- Short descriptive text snippets
···
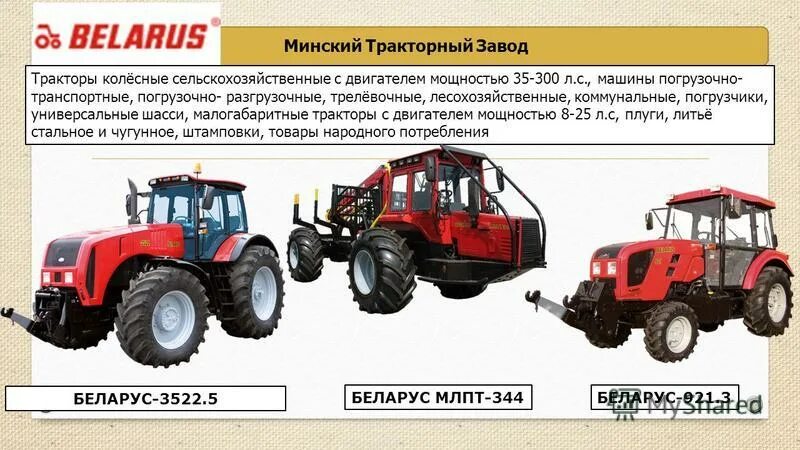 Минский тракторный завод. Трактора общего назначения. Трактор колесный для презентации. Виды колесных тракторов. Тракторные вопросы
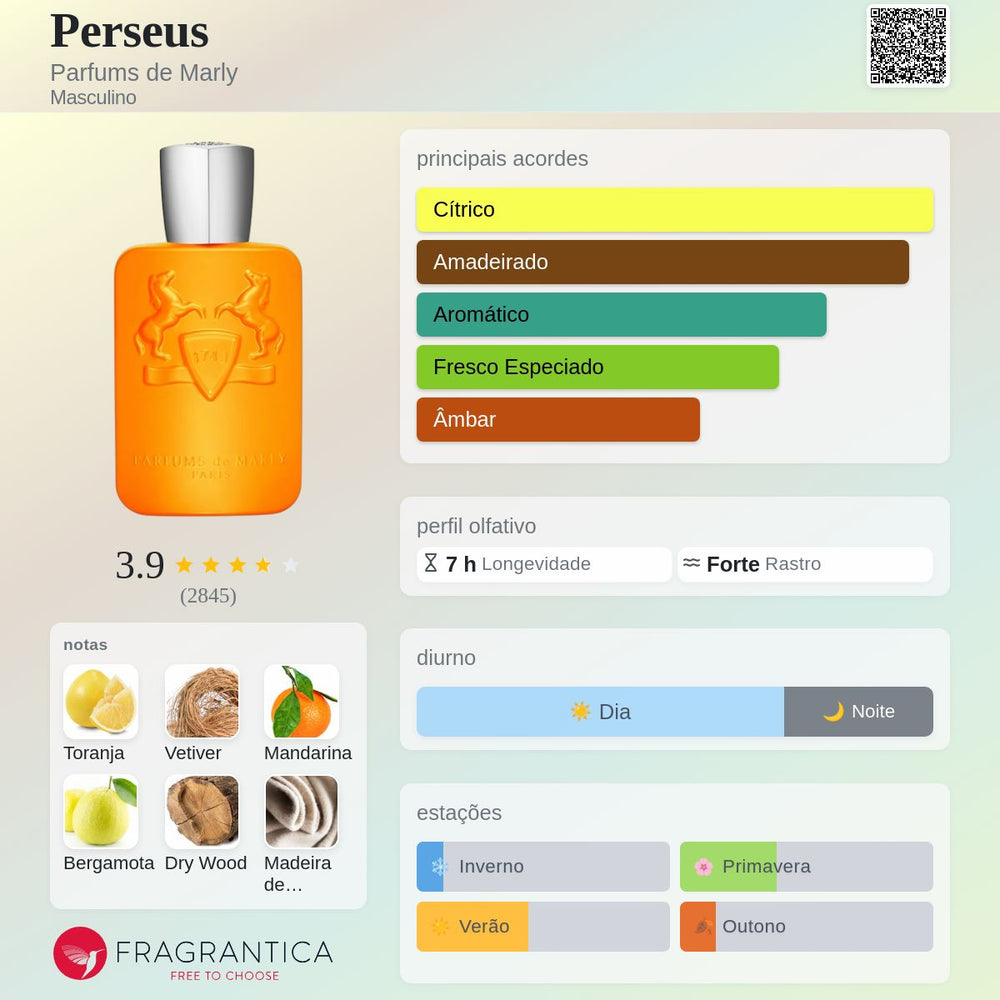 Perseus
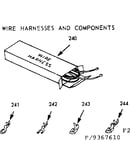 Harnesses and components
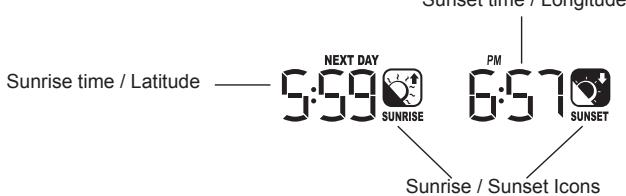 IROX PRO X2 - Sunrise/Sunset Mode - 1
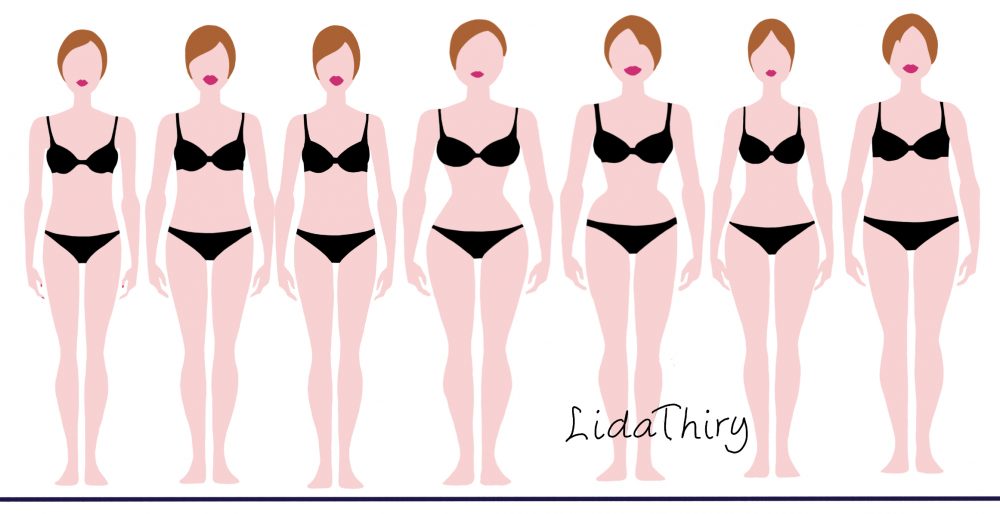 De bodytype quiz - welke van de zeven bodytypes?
···
- Problem to work on
Only the lines from the one that contains "Harnesses and components" through the last line of the records may appear in the answer, retyped exactly and with no pictures.

- Output of the exercise
 Harnesses and components
 IROX PRO X2 - Sunrise/Sunset Mode - 1
 De bodytype quiz - welke van de zeven bodytypes?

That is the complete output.